We have long been concerned about the direction of governance in South Africa. ‘The management and politics’ component of our top-down country allocation process is designed not only to capture the political environment, but also the competency of the central bank, the robustness of other institutions such as the media and legal system, and also governance both at a corporate and a national level.
It is the last of these where South Africa has given us the most concern. Economic policy has tended to be fairly technocratic (although not addressing the country’s painfully low trend rate of GDP growth), the South African Reserve Bank is one of the best central banks in the emerging world, the media and law courts are independent and highly active, and corporate governance is of a high quality. It is our perception of a steady slide into corruption and nepotism in the executive that has caused us to be negative on management and politics for South Africa since 2010.
2010 saw a major, but rapidly-forgotten, scandal in South Africa. Kumba Iron Ore (then a US$20bn company) went to re-register the mineral rights of its massive Sishen iron ore mine with the Department of Mineral Resources only to discover that, hours before, a shell company had already made the registration. That shell company, it was to transpire, was 50% owned by Duduzane Zuma, the son of President Jacob Zuma. Three years of court cases subsequently led to the Constitutional Court awarding the mineral rights to Kumba, but we took these events as a seriously negative indicator of the outlook for South African equities.
That view was reinforced in December 2015, when a wellrespected finance minister was suddenly replaced by unknown MP David van Rooyen. South African financial markets reacted very badly to the news, leading to the appointment of a third finance minister in five days: Pravin Gordhan. This showed both the vulnerability of South African markets to political events and also a lack of understanding of markets at the highest level in South Africa.
Since then, South Africa’s vulnerability has only increased. Sovereign debt is rated at just above non-investment grade level, and all three major ratings agencies have stressed the importance of fiscal orthodoxy in maintaining those ratings.
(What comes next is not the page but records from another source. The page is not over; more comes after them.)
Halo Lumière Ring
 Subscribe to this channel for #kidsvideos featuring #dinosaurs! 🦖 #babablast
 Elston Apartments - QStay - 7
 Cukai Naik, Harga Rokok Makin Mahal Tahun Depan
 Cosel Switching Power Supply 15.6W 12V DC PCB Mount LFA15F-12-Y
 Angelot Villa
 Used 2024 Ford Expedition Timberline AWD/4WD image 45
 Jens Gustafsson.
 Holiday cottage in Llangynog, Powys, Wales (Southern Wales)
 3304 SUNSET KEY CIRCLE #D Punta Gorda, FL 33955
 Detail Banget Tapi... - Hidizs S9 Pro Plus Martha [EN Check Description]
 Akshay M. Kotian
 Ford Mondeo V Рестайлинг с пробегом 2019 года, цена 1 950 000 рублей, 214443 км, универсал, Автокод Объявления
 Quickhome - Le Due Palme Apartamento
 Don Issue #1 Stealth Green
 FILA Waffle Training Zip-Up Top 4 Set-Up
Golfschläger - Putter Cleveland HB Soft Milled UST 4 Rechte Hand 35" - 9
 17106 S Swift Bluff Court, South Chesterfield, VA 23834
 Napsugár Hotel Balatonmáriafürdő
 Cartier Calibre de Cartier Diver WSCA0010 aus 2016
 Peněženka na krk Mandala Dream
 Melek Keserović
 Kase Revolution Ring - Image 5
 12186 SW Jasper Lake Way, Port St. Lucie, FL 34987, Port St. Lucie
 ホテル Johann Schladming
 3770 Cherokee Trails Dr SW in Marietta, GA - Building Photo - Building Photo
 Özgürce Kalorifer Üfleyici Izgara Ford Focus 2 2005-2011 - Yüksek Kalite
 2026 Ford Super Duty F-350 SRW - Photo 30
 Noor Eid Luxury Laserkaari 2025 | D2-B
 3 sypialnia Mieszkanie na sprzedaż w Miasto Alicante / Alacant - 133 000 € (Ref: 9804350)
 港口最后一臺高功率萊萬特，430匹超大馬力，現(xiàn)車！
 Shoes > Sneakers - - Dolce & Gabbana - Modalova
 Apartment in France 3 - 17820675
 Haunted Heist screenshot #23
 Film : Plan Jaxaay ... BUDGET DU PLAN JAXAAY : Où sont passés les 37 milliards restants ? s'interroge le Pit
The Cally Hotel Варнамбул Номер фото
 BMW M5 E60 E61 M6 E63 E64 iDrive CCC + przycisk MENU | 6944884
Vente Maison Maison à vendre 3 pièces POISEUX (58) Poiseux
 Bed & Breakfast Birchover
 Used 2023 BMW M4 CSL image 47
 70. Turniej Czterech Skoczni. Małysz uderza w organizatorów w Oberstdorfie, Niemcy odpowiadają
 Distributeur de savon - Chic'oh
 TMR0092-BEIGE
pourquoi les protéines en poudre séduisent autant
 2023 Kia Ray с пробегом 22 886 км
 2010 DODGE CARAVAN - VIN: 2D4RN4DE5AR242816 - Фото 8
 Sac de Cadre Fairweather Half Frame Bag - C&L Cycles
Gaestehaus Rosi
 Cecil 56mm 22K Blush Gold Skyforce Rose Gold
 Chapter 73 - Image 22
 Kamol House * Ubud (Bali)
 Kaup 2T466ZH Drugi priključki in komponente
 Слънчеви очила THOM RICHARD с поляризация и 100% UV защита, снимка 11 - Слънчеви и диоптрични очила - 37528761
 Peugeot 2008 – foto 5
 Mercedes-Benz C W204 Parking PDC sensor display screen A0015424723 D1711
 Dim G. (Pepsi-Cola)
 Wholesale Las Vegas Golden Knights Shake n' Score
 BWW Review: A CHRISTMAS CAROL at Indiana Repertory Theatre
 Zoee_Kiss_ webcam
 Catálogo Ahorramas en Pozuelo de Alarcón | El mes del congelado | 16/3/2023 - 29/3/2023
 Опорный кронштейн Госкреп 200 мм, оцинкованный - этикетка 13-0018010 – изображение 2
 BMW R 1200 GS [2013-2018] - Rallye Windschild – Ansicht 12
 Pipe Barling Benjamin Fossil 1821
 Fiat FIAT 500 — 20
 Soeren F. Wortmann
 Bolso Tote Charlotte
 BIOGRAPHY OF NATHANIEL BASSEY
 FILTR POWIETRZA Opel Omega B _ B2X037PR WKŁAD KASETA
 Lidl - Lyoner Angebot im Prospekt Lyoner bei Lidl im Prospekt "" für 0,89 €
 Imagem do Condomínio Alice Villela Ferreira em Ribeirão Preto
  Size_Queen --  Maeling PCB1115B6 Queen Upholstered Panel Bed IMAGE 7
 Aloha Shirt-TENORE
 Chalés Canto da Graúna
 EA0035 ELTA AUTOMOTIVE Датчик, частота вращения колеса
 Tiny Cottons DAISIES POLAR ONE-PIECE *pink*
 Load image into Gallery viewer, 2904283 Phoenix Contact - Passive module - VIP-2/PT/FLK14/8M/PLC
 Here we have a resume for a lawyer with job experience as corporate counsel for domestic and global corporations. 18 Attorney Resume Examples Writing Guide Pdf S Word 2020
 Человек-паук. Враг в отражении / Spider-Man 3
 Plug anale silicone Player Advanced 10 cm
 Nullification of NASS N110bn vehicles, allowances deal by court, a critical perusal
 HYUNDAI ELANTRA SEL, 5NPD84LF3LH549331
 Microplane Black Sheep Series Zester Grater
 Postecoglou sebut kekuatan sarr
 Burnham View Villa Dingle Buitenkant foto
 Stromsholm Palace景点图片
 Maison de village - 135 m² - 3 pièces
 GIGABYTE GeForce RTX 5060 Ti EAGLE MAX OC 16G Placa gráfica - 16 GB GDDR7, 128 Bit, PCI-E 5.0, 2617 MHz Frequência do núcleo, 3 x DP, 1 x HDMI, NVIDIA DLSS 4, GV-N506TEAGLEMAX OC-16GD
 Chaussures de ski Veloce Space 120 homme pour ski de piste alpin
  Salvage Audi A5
The sacking of Mr. Gordhan this month would seem to have accelerated market awareness of political risk in South Africa. The full impact on bond and currency markets may take some time to come out, but risks remain elevated as other investors come round to our view. With real GDP growth having averaged an annual 1.6% over the last ten years, it is not as though the growth story is compelling. We remain neutrally-weighted in South Africa, but hold a company that achieves almost all its economic value from outside South Africa. There is an outside chance that the current crisis will lead to President Zuma’s removal, which might open up the opportunity for desperately-needed economic reforms, but until then we remain cautious on the outlook for the South African economy and domestically-focused stocks.